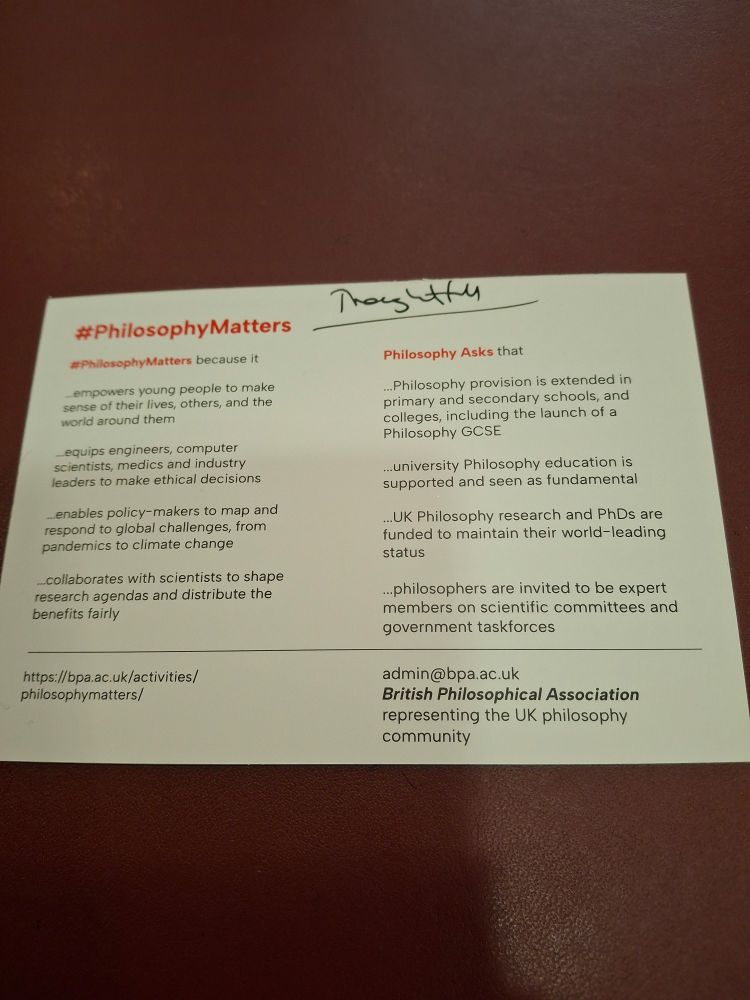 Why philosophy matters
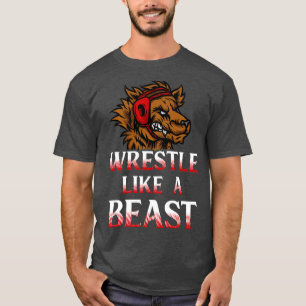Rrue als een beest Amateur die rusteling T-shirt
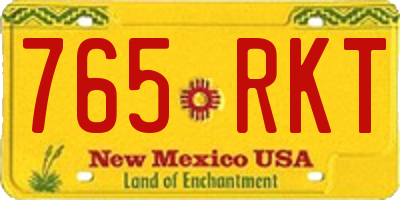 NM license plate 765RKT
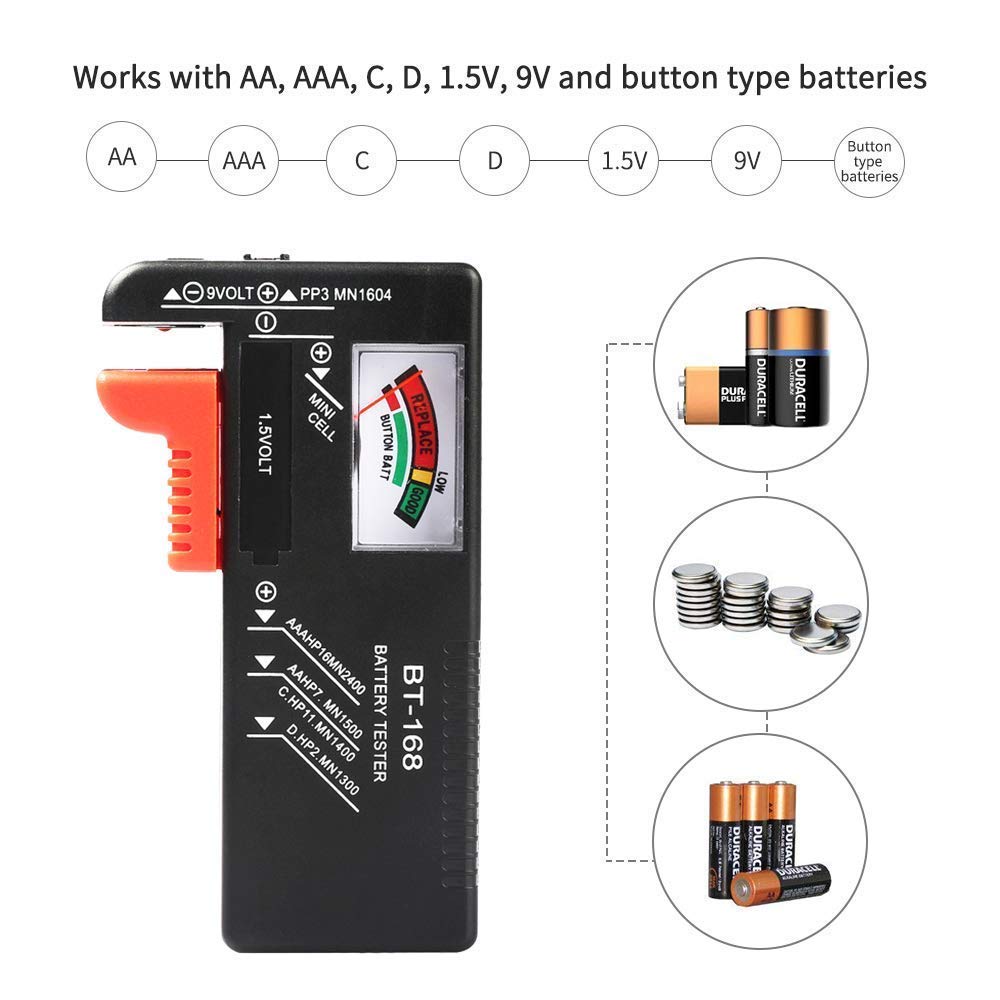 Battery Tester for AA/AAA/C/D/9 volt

_ _ _ _

**What the exercise asks:**
Write out the data once more exactly, omitting the pictures.

**Expected answer:**
 Why philosophy matters
Rrue als een beest Amateur die rusteling T-shirt
 NM license plate 765RKT
 Battery Tester for AA/AAA/C/D/9 volt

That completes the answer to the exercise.